Я лишь молча кивнул. Необратимый. Это было самое точное слово. Я больше не был человеком в полном смысле этого слова. Я стал чем-то пограничным, существом, застрявшим между миром живых и ледяной бездной отчаяния.

Первое испытание с драконом, которое в этой, четвертой «жизни», я прошел с пугающей легкостью, используя свою новую ауру холода и страха, чтобы дезориентировать Венгерскую Хвосторогу, лишь укрепило мою репутацию чего-то странного и опасного. Зрители больше не смеялись. Они смотрели на меня с суеверным ужасом. Рон и Гермиона окончательно отдалились, их попытки «понять» и «помочь» разбивались о стену моего ледяного безразличия. Я был один. И это было единственное состояние, в котором я чувствовал себя… почти комфортно.

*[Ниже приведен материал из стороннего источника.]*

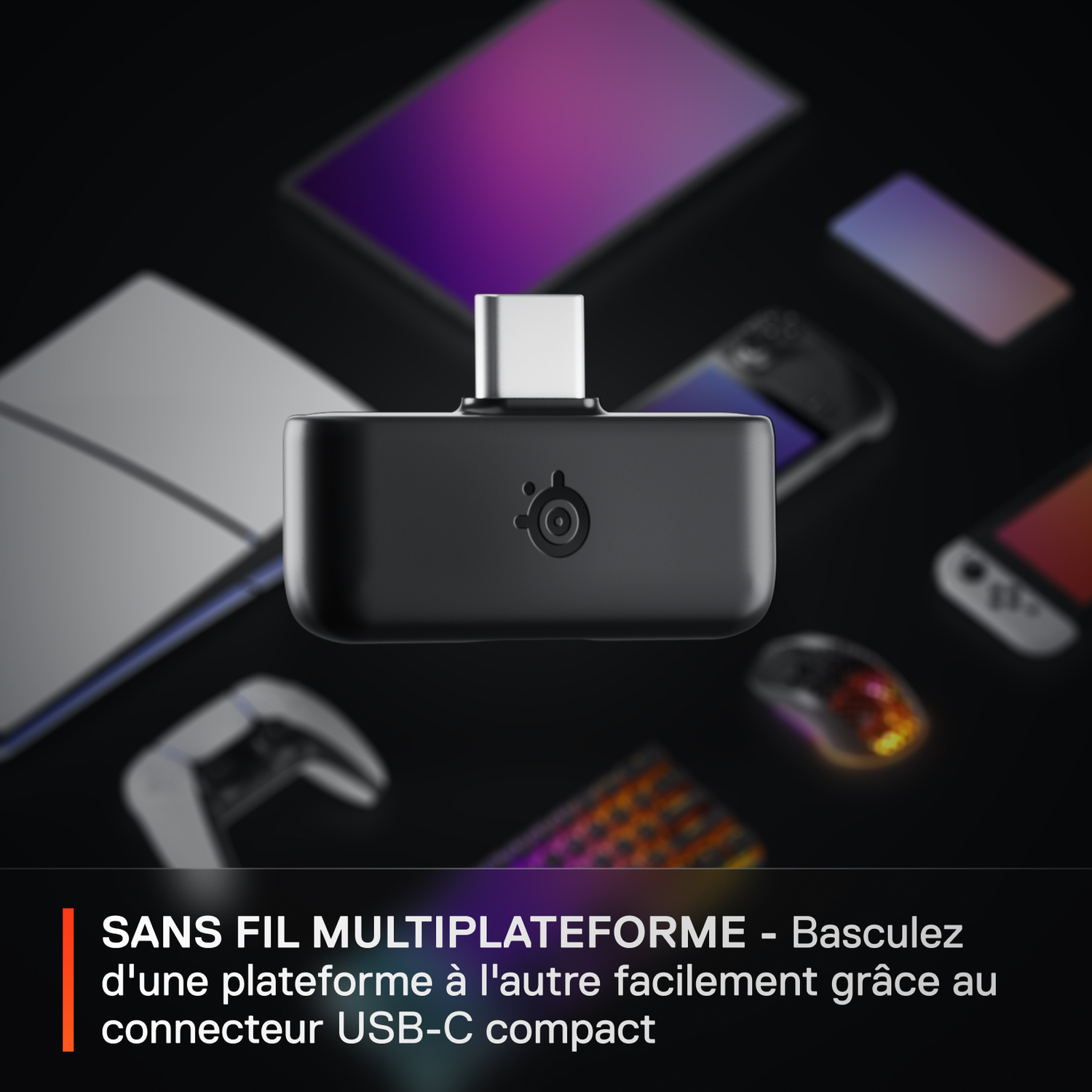 Adaptateur USB-C noir pour plusieurs plateformes, entouré d'appareils.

Второе испытание, Черное Озеро. На этот раз я не стал геройствовать. Я спас Рона, своего «дорогого заложника», и оставил Габриэль на произвол судьбы, или, вернее, на Крама, который, как и в прошлый раз, вытащил обеих девочек. Мой внутренний холод не позволил мне рисковать ради чужого ребенка. Кракен даже не удостоил меня своим вниманием, словно чувствуя во мне нечто родственное, что-то от той же первобытной, холодной тьмы, что таилась в глубинах озера. Я прошел испытание, не испытав ни капли удовлетворения. Лишь пустоту.

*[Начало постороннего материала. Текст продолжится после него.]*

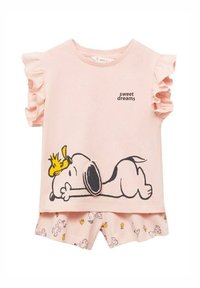 Ružasti kratki pidžama set koji se sastoji od majice s volanima i natpisom "slatki snovi" uz dizajn Snoopyja, te odgovarajućih hlačica s Snoopy uzorkom.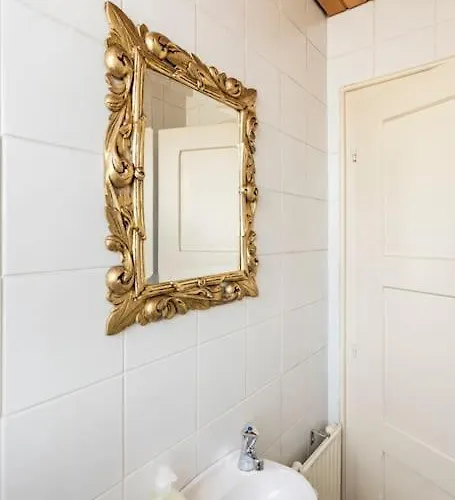 فيلة Spacious And Historic With Castle View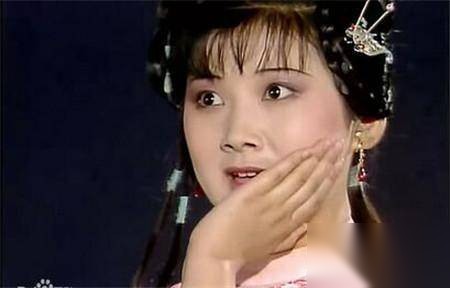 金钏儿为何要与贾宝玉调情历史图片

И вот, третье испытание. Лабиринт. Двадцать четвертое июня. Вечер выдался душным, тяжелым, словно пропитанным предчувствием беды. Я стоял у входа в живую изгородь, стены которой достигали двадцати футов в высоту, скрывая за собой неизвестность. В прошлых «жизнях» я не добирался до лабиринта. Моя смерть всегда настигала меня раньше. Но теперь я был здесь. И я знал — это очередная ловушка. Очередная арена для моей казни.

Людо Бэгмен, с его неизменной фальшивой бодростью, что-то говорил о Кубке Трех Волшебников, установленном в центре лабиринта, о славе и чести. Его слова были для меня пустым звуком. Единственное, что имело значение — это выжить. Любой ценой. Или, по крайней мере, умереть так, чтобы моя следующая «жизнь» началась с новым, полезным знанием.

Чемпионы — Седрик, Флер, Крам и я — должны были войти в лабиринт с интервалом в несколько минут, в зависимости от набранных очков. Я был вторым, после Седрика. Когда прозвучал сигнал, и он скрылся в темном проходе между высокими стенами тиса, я ощутил, как воздух вокруг меня стал еще холоднее. Мои дементорские способности обострились до предела. Я чувствовал страх Седрика, его неуверенность, смешанную с отчаянной решимостью. И я чувствовал сам лабиринт — его темную, враждебную магию, его скрытые ловушки, его голодных обитателей.

— Удачи, Гарри, — тихо сказала Флер, когда подошла моя очередь. В ее голосе не было обычной надменности. Только какая-то странная смесь сочувствия и… страха. Она тоже чувствовала исходящий от меня холод.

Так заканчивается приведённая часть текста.